Data provided
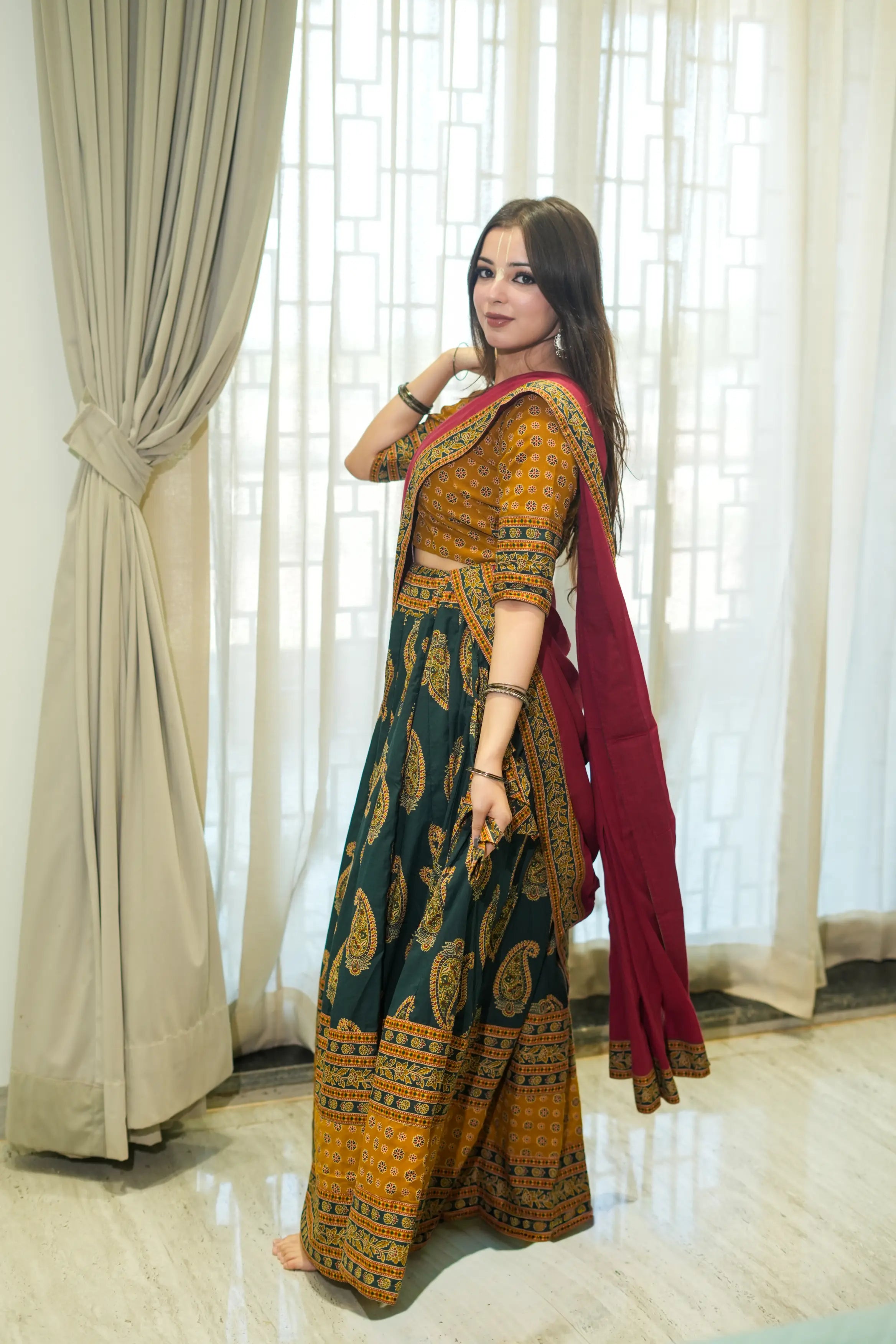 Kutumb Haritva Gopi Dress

--

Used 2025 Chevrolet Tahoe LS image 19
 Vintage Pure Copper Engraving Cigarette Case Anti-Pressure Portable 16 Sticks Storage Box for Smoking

Exercise instructions
Return only the stretch of the material above from the line holding "Used 2025 Chevrolet Tahoe LS image 19" through the line holding "Vintage Pure Copper", copied exactly.

Solution for this problem
Used 2025 Chevrolet Tahoe LS image 19
 Vintage Pure Copper Engraving Cigarette Case Anti-Pressure Portable 16 Sticks Storage Box for Smoking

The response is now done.